[Problem requirements] For every record, give an exact copy that has no pictures in it.

[Provided data]
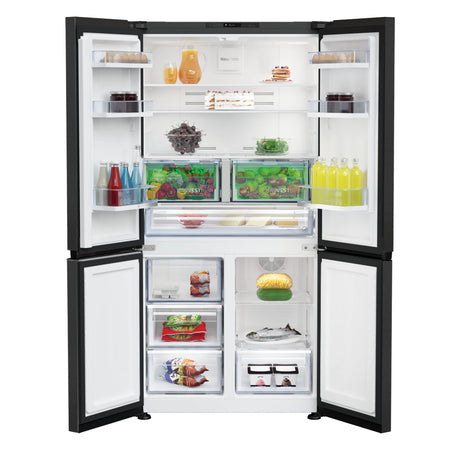 Beko 182cm 4 Door American Style SBS Fridge Freezer - Black Steel Finish | GN446224VPZ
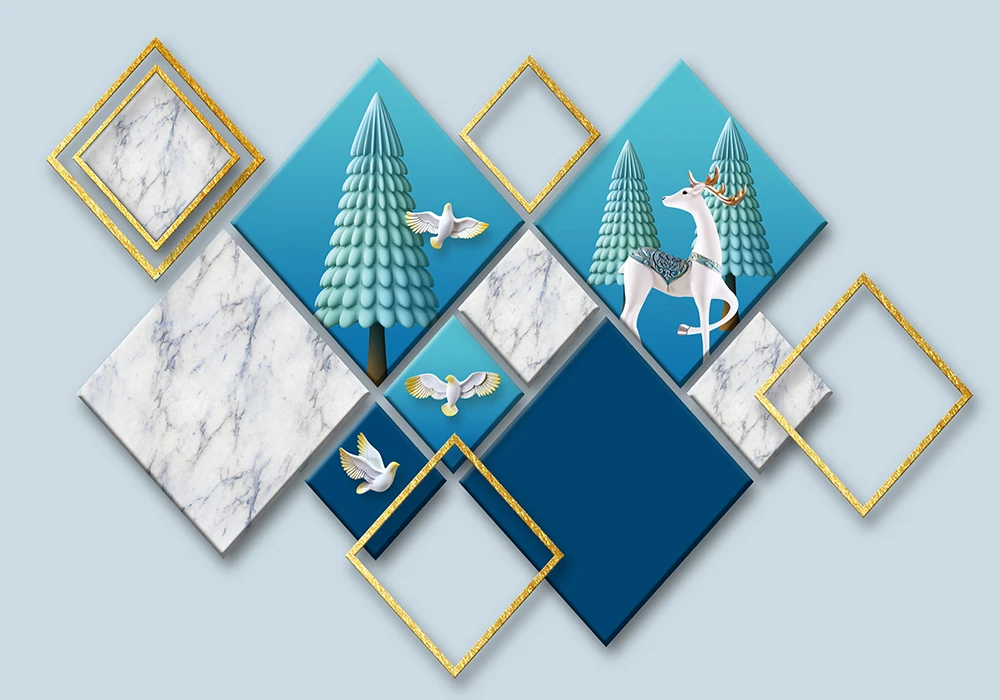 Custom 3d wallpaper Nordic 3D geometric cube marble mosaic background painting - silk waterproof material Custom 3d wallpaper Nordic 3D geometric cube marble mosaic background painting - silk waterproof material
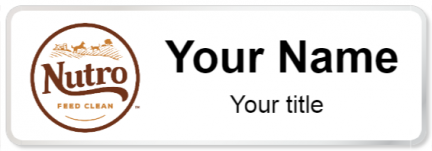 Custom name badges for Nutro Pet Food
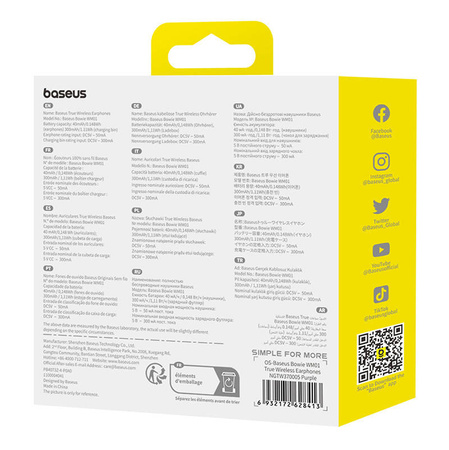 BASEUS BOWIE WM01 SŁUCHAWKI BEZPRZEWODOWE DOUSZNE DO SMARTFONÓW BLUETOOTH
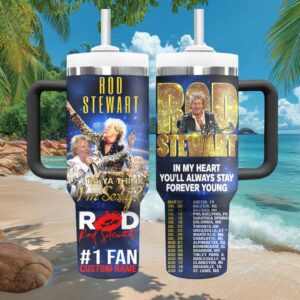 Rod Stewart Forever Young #1 Fan Custom Name Concert Tour Tumbler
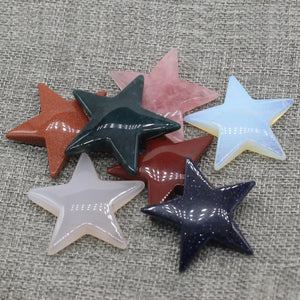 Natural Stone Five-Pointed Star Pendant for DIY Jewelry Making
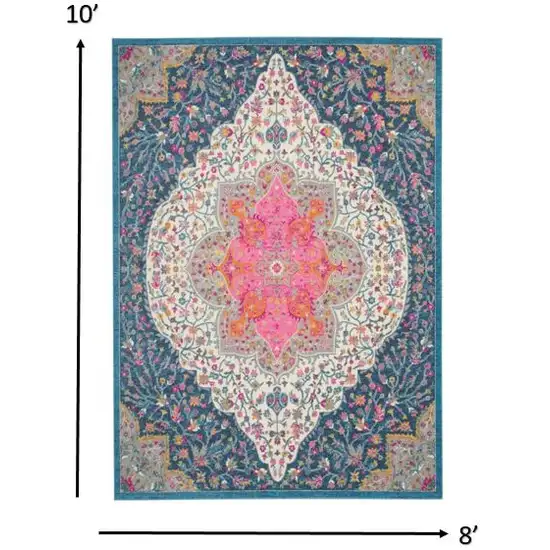 Blue and Pink Medallion Area Rug Photo 4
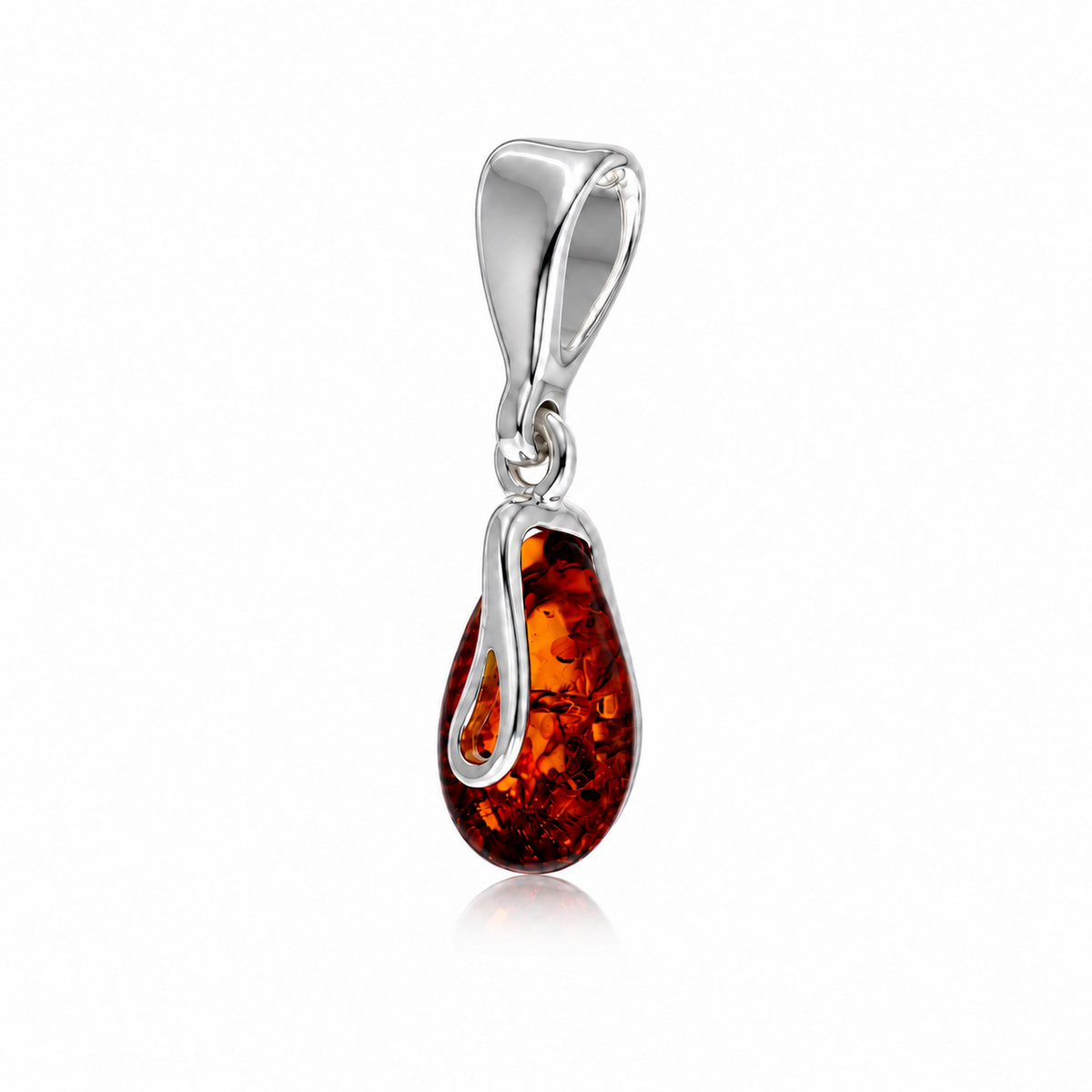 925 Sterling Silver & Genuine Baltic Amber Teardrop Pendant - BS206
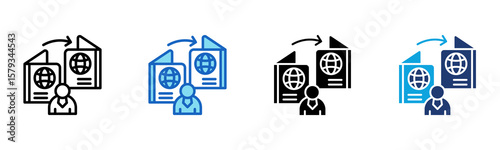 Dual Citizenship icon Multi Style Vector Illustration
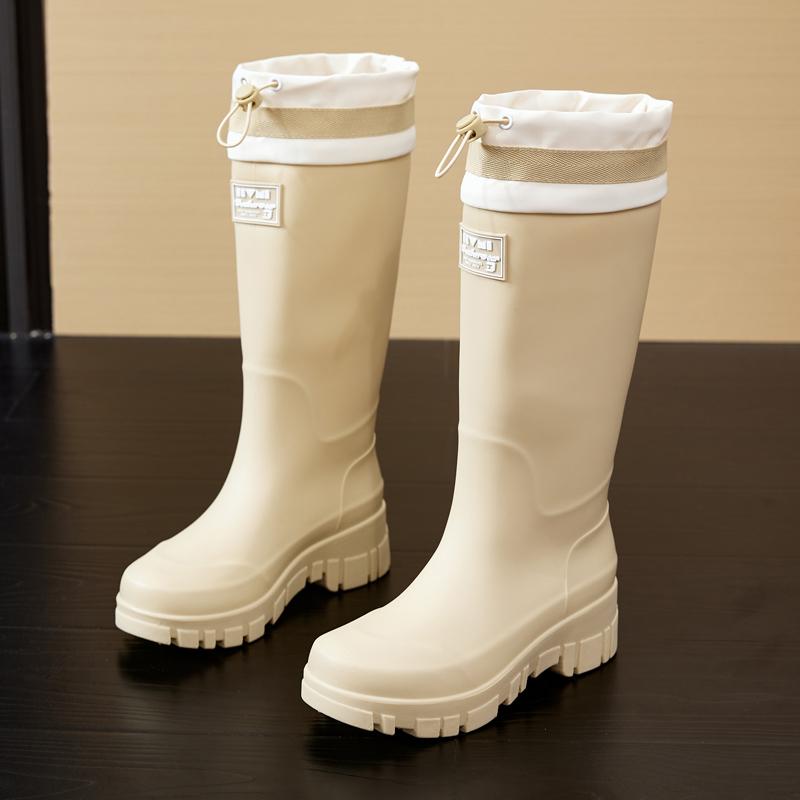 Damen Outdoor Stiefel mit dicker Sohle und Stulpe: Hochschaft Wasserdichte Schuhe für Camping, Strandsuche und Angeln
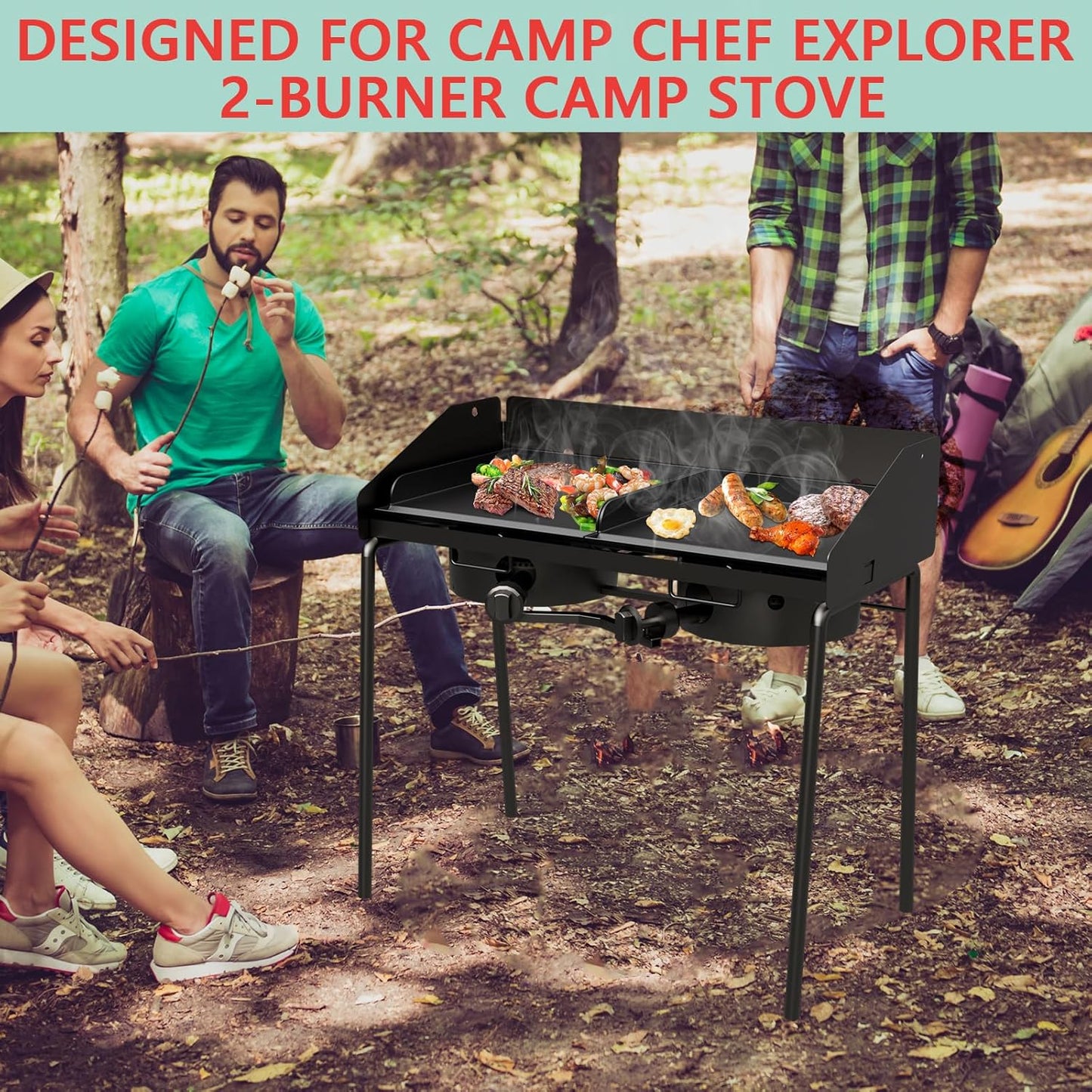 14" x 16" Universal Flat Top Griddle for Camp Chef EX280LW YK60LW EX90LW EX60LW SB30D EX60FP DB60D EX60P EX60B, Fry Griddle Pan for Most Double Burner Stove/14" Cook System Single & Gas Grill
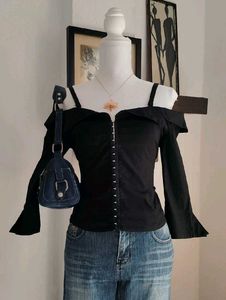 Off-Shoulder Black Top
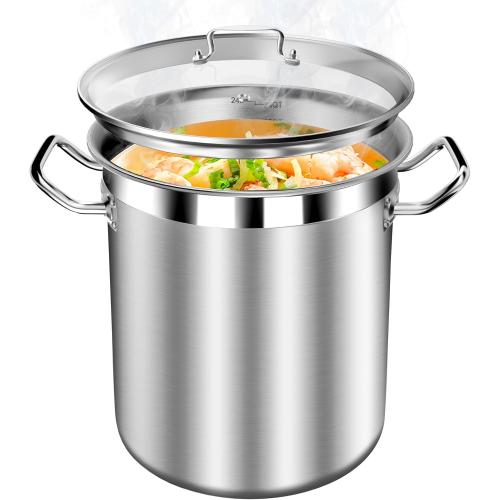 Size 24 quart Large Stainless Steel Stock Pot with Lid – 24 Quart (6 Gallon) Heavy-Duty Cooking Pot for Soup, Stew, Pasta – Commercial & Home Use, Easy to Clean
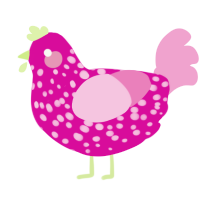 A fuchsia and pink chicken with a speckle pattern
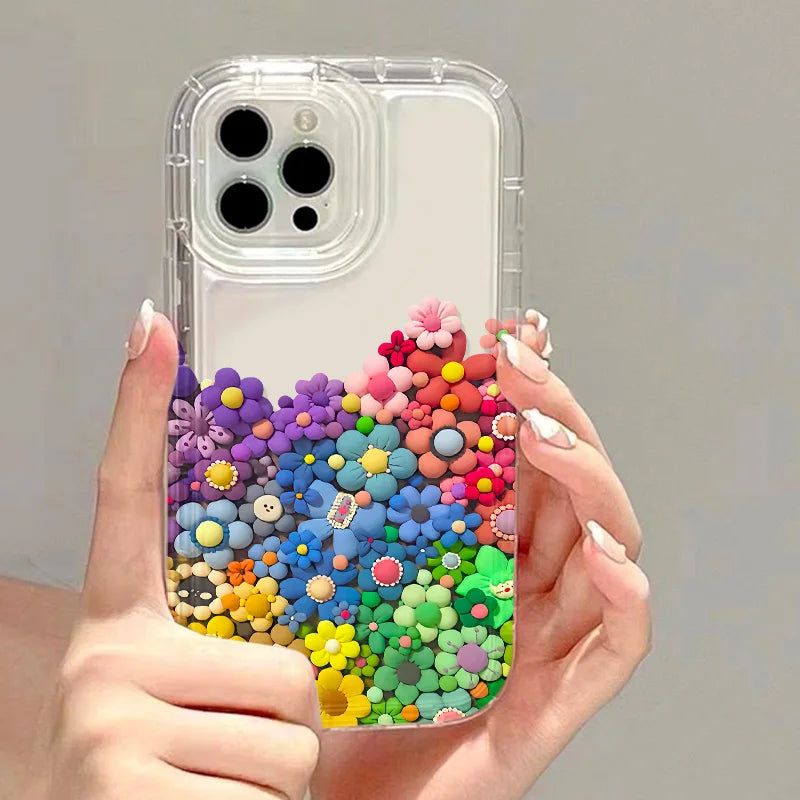 Clear Love Heart Shockproof Silicone Case for iPhone 11–17 Pro Max Series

[Worked solution]
 Beko 182cm 4 Door American Style SBS Fridge Freezer - Black Steel Finish | GN446224VPZ
 Custom 3d wallpaper Nordic 3D geometric cube marble mosaic background painting - silk waterproof material Custom 3d wallpaper Nordic 3D geometric cube marble mosaic background painting - silk waterproof material
 Custom name badges for Nutro Pet Food
 BASEUS BOWIE WM01 SŁUCHAWKI BEZPRZEWODOWE DOUSZNE DO SMARTFONÓW BLUETOOTH
 Rod Stewart Forever Young #1 Fan Custom Name Concert Tour Tumbler
 Natural Stone Five-Pointed Star Pendant for DIY Jewelry Making
 Blue and Pink Medallion Area Rug Photo 4
 925 Sterling Silver & Genuine Baltic Amber Teardrop Pendant - BS206
 Dual Citizenship icon Multi Style Vector Illustration
 Damen Outdoor Stiefel mit dicker Sohle und Stulpe: Hochschaft Wasserdichte Schuhe für Camping, Strandsuche und Angeln
 14" x 16" Universal Flat Top Griddle for Camp Chef EX280LW YK60LW EX90LW EX60LW SB30D EX60FP DB60D EX60P EX60B, Fry Griddle Pan for Most Double Burner Stove/14" Cook System Single & Gas Grill
 Off-Shoulder Black Top
 Size 24 quart Large Stainless Steel Stock Pot with Lid – 24 Quart (6 Gallon) Heavy-Duty Cooking Pot for Soup, Stew, Pasta – Commercial & Home Use, Easy to Clean
 A fuchsia and pink chicken with a speckle pattern
 Clear Love Heart Shockproof Silicone Case for iPhone 11–17 Pro Max Series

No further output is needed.